Your reply should consist only of the lines from the one with "Detail shot of" through the end of the entries, transcribed exactly. Pictures stay out.

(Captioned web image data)
* * *
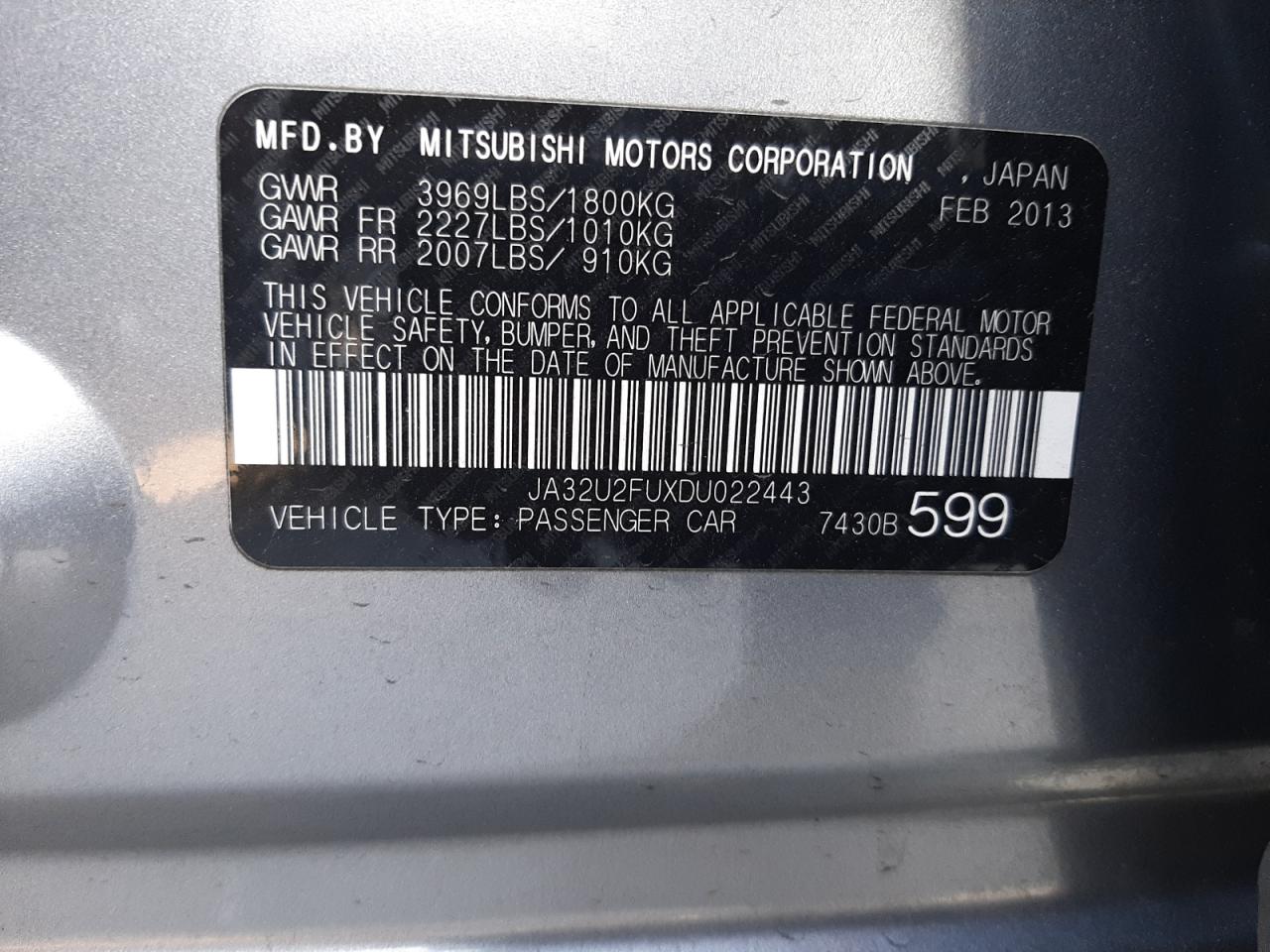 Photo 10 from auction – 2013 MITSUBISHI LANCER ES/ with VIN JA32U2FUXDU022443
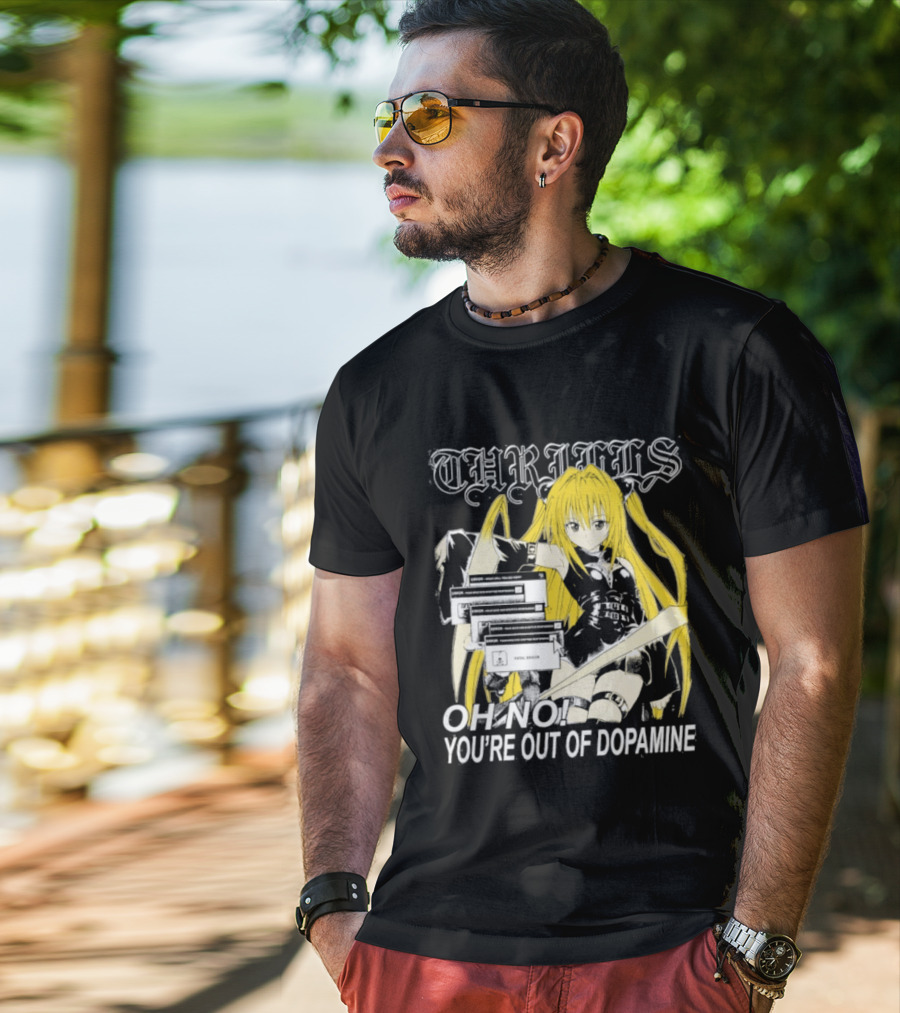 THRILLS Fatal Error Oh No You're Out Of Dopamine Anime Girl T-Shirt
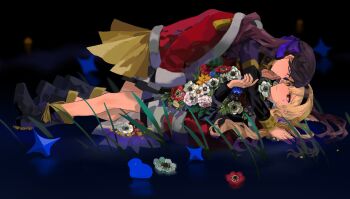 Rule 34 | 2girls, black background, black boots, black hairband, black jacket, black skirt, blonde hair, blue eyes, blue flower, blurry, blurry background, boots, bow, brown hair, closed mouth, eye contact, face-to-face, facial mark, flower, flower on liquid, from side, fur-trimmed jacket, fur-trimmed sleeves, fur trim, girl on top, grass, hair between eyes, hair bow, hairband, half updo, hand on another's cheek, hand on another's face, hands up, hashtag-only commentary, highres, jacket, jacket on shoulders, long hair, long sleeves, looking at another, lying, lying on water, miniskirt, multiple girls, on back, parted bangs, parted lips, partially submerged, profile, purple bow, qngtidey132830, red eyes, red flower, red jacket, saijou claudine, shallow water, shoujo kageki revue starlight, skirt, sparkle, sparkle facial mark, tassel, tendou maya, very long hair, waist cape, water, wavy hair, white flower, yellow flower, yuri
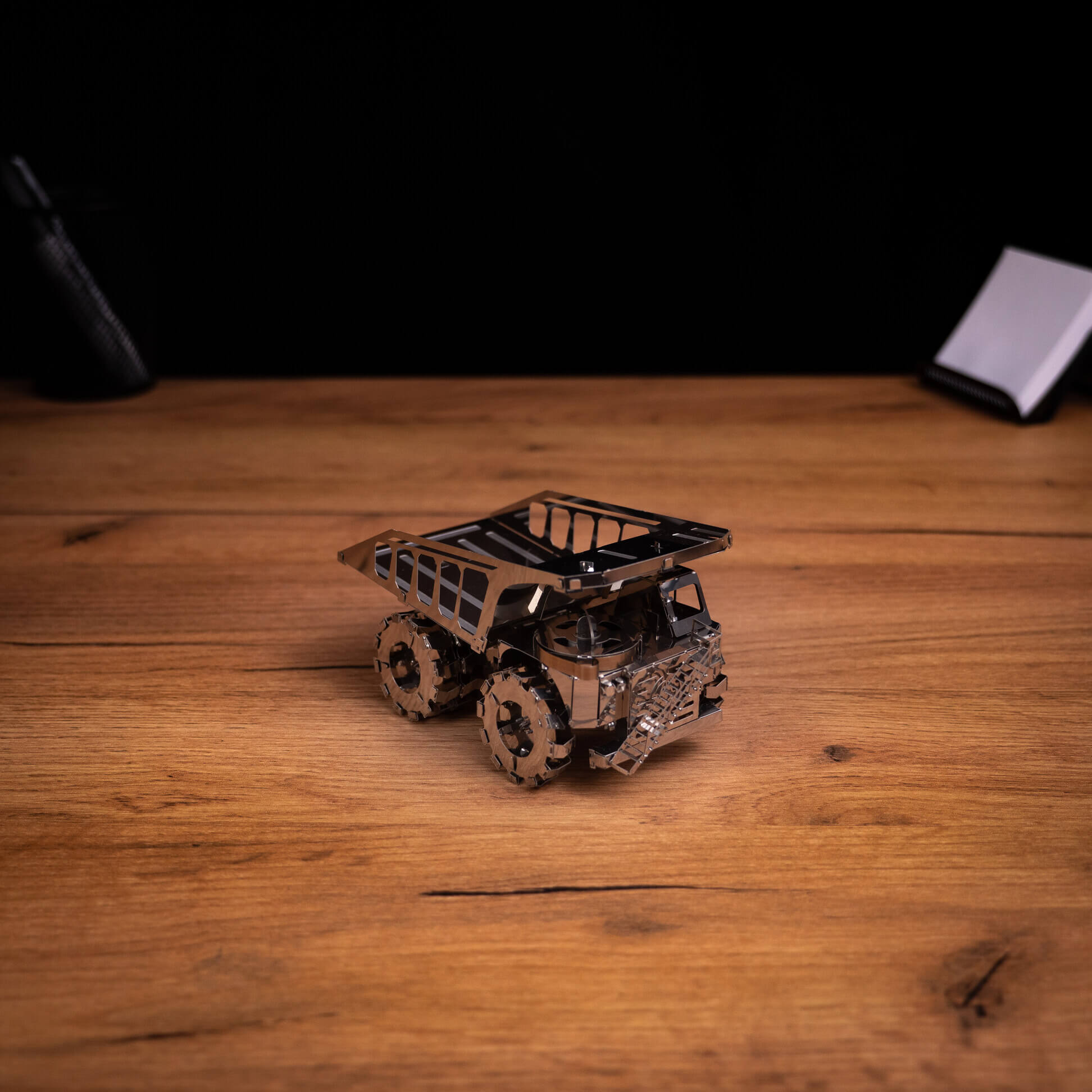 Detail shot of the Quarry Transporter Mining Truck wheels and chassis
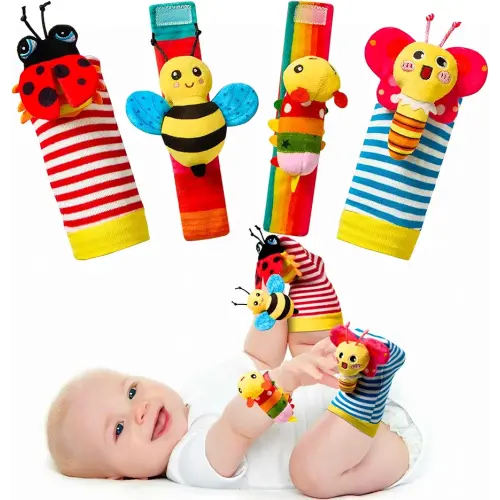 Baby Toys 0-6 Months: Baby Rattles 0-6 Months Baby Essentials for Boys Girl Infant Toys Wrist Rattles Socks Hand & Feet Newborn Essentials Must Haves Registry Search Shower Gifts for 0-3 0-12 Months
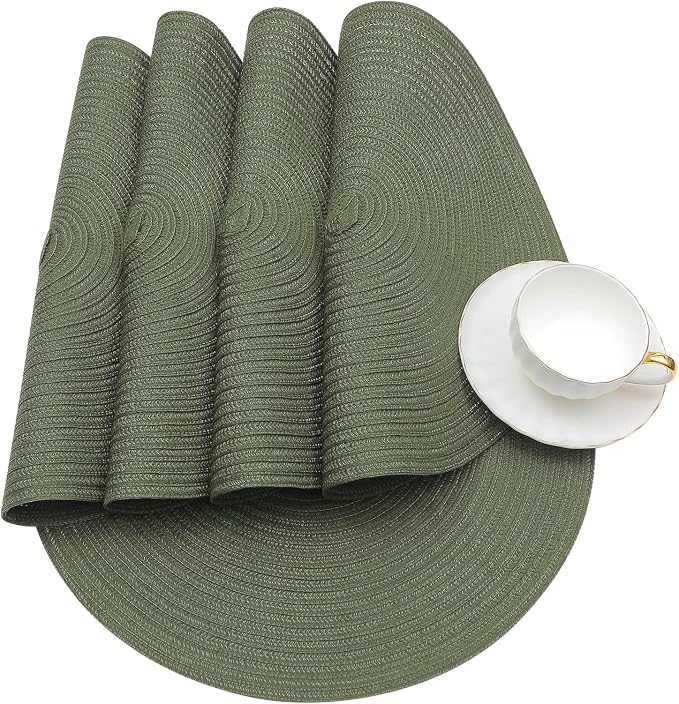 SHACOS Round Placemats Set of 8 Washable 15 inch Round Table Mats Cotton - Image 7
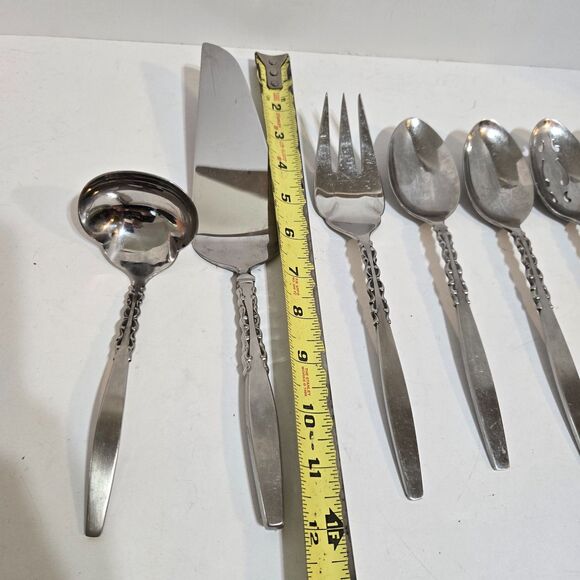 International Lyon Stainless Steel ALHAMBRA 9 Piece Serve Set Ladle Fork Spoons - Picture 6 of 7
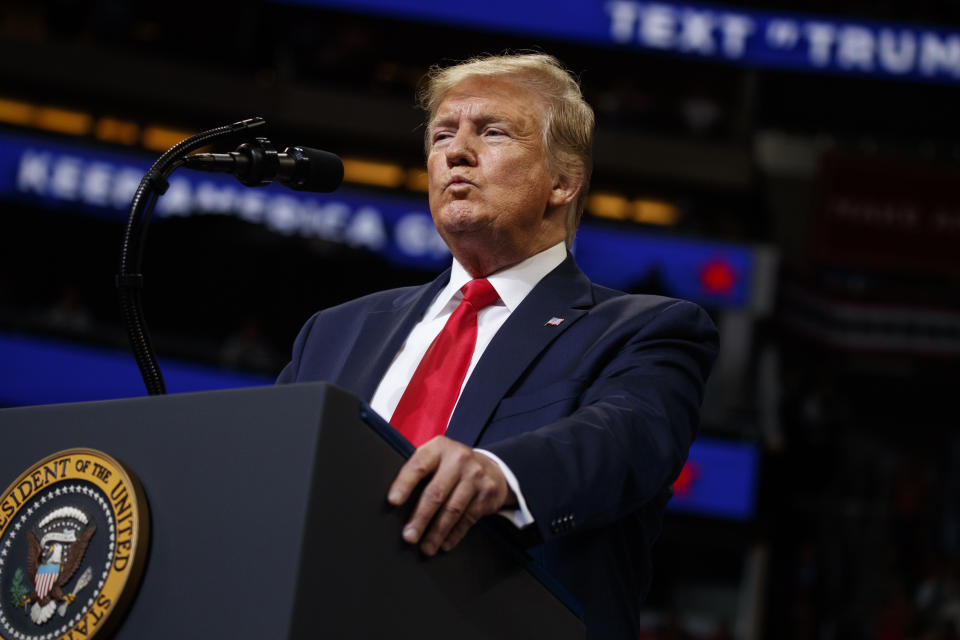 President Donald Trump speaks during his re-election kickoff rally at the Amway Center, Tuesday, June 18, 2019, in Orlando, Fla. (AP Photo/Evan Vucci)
* * *
YOUR RESPONSE:
 Detail shot of the Quarry Transporter Mining Truck wheels and chassis
 Baby Toys 0-6 Months: Baby Rattles 0-6 Months Baby Essentials for Boys Girl Infant Toys Wrist Rattles Socks Hand & Feet Newborn Essentials Must Haves Registry Search Shower Gifts for 0-3 0-12 Months
 SHACOS Round Placemats Set of 8 Washable 15 inch Round Table Mats Cotton - Image 7
 International Lyon Stainless Steel ALHAMBRA 9 Piece Serve Set Ladle Fork Spoons - Picture 6 of 7
 President Donald Trump speaks during his re-election kickoff rally at the Amway Center, Tuesday, June 18, 2019, in Orlando, Fla. (AP Photo/Evan Vucci)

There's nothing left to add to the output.